V3DT conference call notes for Mon, Feb 22, 1999.

The HL7 version 3 data type task group has had its seventeenth conference call on Monday, February 22, 1999, 11:00 to 12:30 EST.

Attendees were:

Joann Larson
Stan Huff
Mark Shafarman
Greg Thomas
Mark Tucker
Robin Zimmerman
Gunther Schadow

Agenda items were:

Postal and Residential Addresses

Background

The old HL7 address data types (AD, XAD) regarded an address as a data structure where each component had a special role. For instance, AD distinguished ZIP, city, state, country, street, and other parts of the address.

Over time people discovered more information elements that could be known about an address and added those elements as components to the address data type. Those additional components where county, census tract, etc. Those information items would normally not appear on mailing labels and one would not necessarily ask for them if oue would go visit someone under a given address.

On the other hand it turned out that there are a number of information elements that do appear on mailing labels which are nevertheless rare and therefore remained unclassified. For instance, U.S. military addresses may have a unit designation "UNIT 2050" instead of a street and instead or in addition to a city. The name of a ship can appear instead of a city.

Internationally there are other address parts that may exist in one country but may be unknown in another country. For example, in U.S. addresses one finds directional codes like "N", "S", "W", and "E", which are essential to find a given address in one city. Those direction codes are unknown, for instance, in Germany.

Robin Zimmerman and Joann Larson have compiled an analysis of U.S. and some international addresses based on information of the universal postal union (UPU). This work reinforces the observation that there are so many different kinds of address parts that creating a fixed data structure where every part has its slot is impractical. See also examples of world wide addresses as published by the UPU.

Another problem with the old address data types was that they ordered the parts of an address by the meaning of that part. The most important use case for address information, however, is printing a mailing label. In order to generate a mailing label it doesn't matter what the emaning of the different parts of an address is, as long as those parts appear at the appropriate place on the label.

The placement of address parts, however, depends on the country. For example, while in U.S. and most European addresses the ZIP code appears somewhere at the end, Japanese ZIP codes are written at the very top. In fact, Japanese addreesses are writen in the reverse direction: from the most general locator tho the specific locations, with the name of the recipient appearing at the end.
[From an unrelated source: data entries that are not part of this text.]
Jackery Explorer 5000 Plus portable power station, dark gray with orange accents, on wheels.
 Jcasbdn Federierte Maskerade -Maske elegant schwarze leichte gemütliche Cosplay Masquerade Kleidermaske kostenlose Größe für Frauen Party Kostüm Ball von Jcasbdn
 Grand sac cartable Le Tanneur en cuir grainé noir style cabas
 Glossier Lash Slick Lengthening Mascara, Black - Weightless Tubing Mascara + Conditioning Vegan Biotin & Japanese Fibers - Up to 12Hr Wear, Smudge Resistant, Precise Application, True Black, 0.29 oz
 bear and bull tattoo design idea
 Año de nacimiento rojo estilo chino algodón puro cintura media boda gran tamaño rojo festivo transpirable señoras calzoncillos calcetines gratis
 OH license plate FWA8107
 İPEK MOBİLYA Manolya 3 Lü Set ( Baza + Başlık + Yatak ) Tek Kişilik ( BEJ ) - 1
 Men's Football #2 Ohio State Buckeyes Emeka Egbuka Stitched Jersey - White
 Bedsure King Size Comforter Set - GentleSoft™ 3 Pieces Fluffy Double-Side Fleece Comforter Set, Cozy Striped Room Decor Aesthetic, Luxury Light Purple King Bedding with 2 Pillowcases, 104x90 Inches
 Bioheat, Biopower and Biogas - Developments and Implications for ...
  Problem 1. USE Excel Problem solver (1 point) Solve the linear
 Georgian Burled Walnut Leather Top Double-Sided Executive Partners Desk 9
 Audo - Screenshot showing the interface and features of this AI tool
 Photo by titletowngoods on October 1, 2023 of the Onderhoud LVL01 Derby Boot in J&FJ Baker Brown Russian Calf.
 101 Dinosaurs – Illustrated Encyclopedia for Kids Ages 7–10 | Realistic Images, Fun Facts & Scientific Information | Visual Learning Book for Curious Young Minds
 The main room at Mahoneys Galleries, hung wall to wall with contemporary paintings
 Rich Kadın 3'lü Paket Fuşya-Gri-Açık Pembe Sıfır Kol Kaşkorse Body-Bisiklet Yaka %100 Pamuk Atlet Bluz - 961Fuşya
Even in addresses of the north western part of the world there are such differences as to how ZIP code and city are placed. In Germany and most European countries, for instance, the ZIP code is placed in front of the city, while in England, the ZIP code appears after the city name on a separate line. In the U.S. the zip code follows the city and usually the state code. In most European countries, special country codes (different from ISO 3166 country codes) are written before the ZIP code (separated from the ZIP code by a dash). In U.S. and England country codes appear at the end. In Great Britain, however, the ZIP appears even after the country designator, whereas in the U.S.A. the country code appears at the very end.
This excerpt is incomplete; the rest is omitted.